Ansel Adams Never Had a Crack Pipe

Published by Lisa under photography

I’ve been shamefully neglecting this blog as I’ve struggled through the last two Photo Class assignments and crammed for the Midterm. The Midterm I think I did surprisingly well on, considering how much trouble equivalent exposure equations have given me (if you don’t know what this is, don’t ask. Just meter and you’ll never need to know. Well, okay, if you must know, here’s a long technical explanation.)

As for the last two shooting assignments (see the details in the last post), hmmm. Not so good. A grade of B. And a not very enthusiastic B. She remarked that, while I’d figured out the incredibly detailed technical aspects of the assignment, my subject matter was prosaic. Which, well, yes it was, BUT. . .The assignment was so technical and so specific, it pretty much necessitated working with easily sourced and mostly stationary subjects (for the aperture assignment) and subjects who were willing to repeat their movements ad nauseum (for the motion assignment.) I thought it was a bit much to demand some sort of groundbreaking, envelope-pushing subject matter when we’re all still struggling to get aperture and shutter settings right. But, if I can indulge in sour grapes, I think my photographic interests are never going to come up to what my professor thinks is worthy subject matter.

I should have been tipped off when, in the numerous slide shows we have in class, the professor never shows any Ansel Adams, but bombards us with the gritty urban imagery of Nan Goldin’s drug addicts, Robert Mapplethorpe’s leather men, and Diane Arbus’s freaks.

Once we’d tacked our assignment pictures to the wall and undergone a critique, it was pretty clear what she’d meant for this assignment, was not to follow the technical directions explicitly, but to create art.
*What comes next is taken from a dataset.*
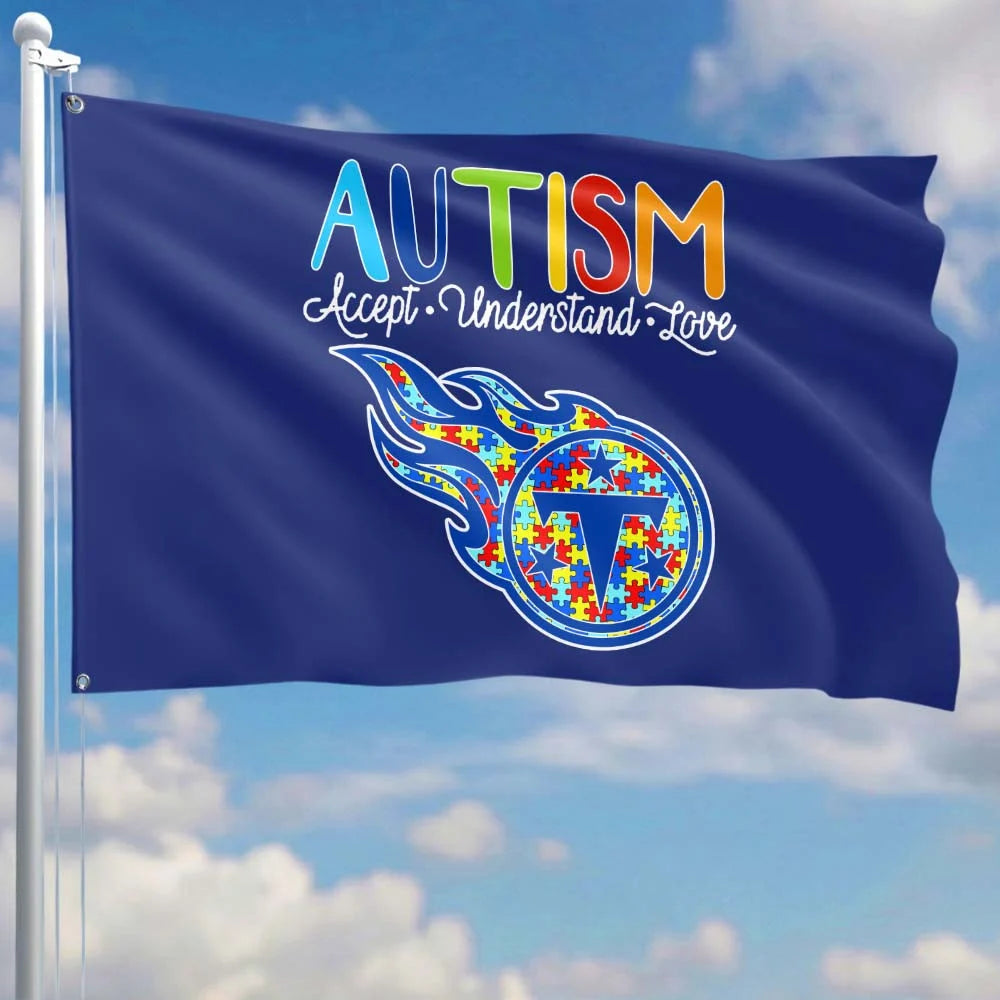Premium Double-Sided NFL Autism Awareness Flag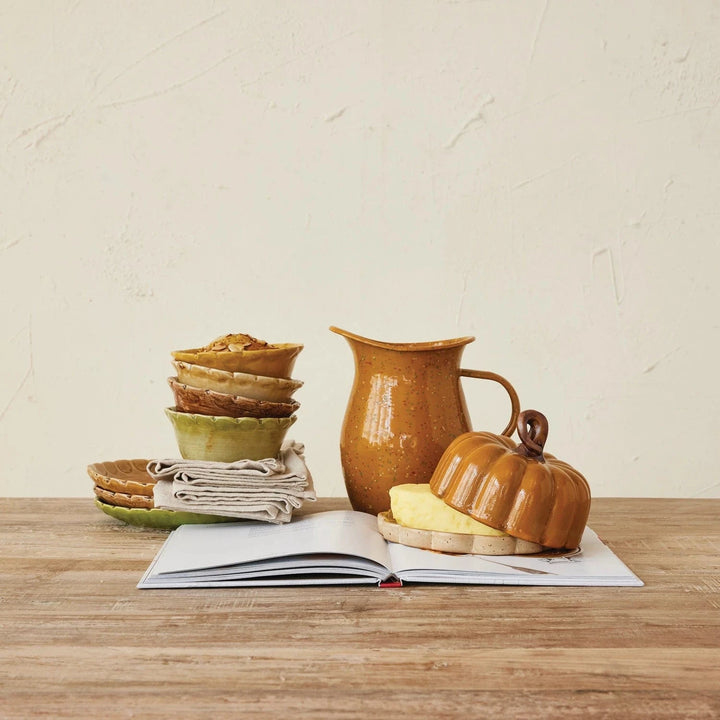 Creative Coop Holiday Stoneware Pumpkin Shaped Butter Dish with Stem Handle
And she was mightily disappointed that most of the class, in a desperate attempt to master the technicalities of the assignments, had resorted to pictures of their dogs running, friends jumping and banks of flowers.

“There”, she announced, putting a Larry Clark shot of his 8 months pregnant sister shooting up heroin, “this is a fabulous picture.”

My choices now seem to be, to start haunting the seamier parts of the Tenderloin and the Mission, befriending drug addicts, street walkers and gender-benders. Or continue photographing what I’m interested in while risking a small measure of scorn.

I’ll take Door Number Two for a B-minus, please.

By the way, here’s the latest assignment, due April 10th.

FRAMING

Produce a contact sheet and 5 prints for each part of the assignment.

A) Frame a picture where the main subject is placed off-center at the key intersections according to the rule of thirds (a good explanation here.)

B) Frame pictures that are symetrical with the subject in the exact center of the frame.

C) Frame pictures so the subjects are presented asymmetrically.

Now the subject matter dilemma: Tahoe scenes or dead hookers.